Ya en el título, procedente de una sentencia de Cicerón, el orador, el ecléctico, el valedor de las más reputadas escuelas filosóficas helenas en los feudos latinos, frontispicio del tercer poema: «Si tienes una biblioteca con jardín lo tienes todo» –nótese la inversión de términos en el sintagma para lograr la eufonía del heptasílabo, muestra de la finura rítmica del poeta–, alienta el espíritu renacentista, aquel humanismo salvador con anclaje en la antigüedad grecorromana que invoca Aganzo en su tetralogía. Y ahora nos imaginamos a Petrarca, a quien se cita a cuenta de una noche siciliana de julio, en relación con el episodio mitológico de las princesas beocias metamorfoseadas en murciélagos, recorriendo los caminos de herradura de Europa a la búsqueda de los libros que configurarían la primera gran biblioteca privada en Occidente.

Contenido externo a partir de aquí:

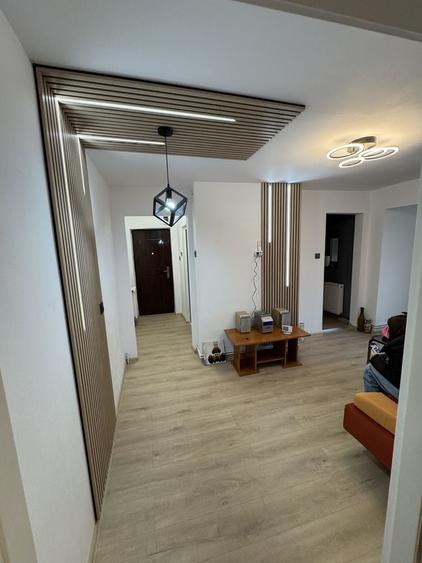 Apartament cu 2 camere semidecomandat în Exterior Vest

También a Epicuro, claro, en su escandaloso Jardín ateniense al modo de la Academia platónica o del Liceo aristotélico, pero como un 'hortus conclusus', recinto cerrado para muchos y abierto para pocos, por homenajear el título de Soto de Rojas, que siempre procura, como los poemas que comentamos, tranquilidad y consolación desde sus máximas capitales o sus exhortaciones, sobre todo su «cuadrifármaco», a saber: «dios no se ha de temer; la muerte es insensible; el bien es fácil de alcanzar; el mal, fácil de soportar». Todo esto toma el libro de Epicuro, de sus principios que ponen brida a deseos y temores, humilde refugio en el aquí y el ahora de las sensaciones corporales, de la alegría y la libertad de pensamiento: la prudencia, la templanza, la sensatez, la mansedumbre, la amistad, la ataraxia, con las que sobrellevar «el peso de las sombras», la herida del vivir devenida con desdichada frecuencia ingratitud, soberbia, podredumbre, renuncia, cansancio… Así como su hedonismo en absoluto egoísta ni narcisista, su negativa a involucrarse en modo alguno en los asuntos de la Ciudad, como decíamos.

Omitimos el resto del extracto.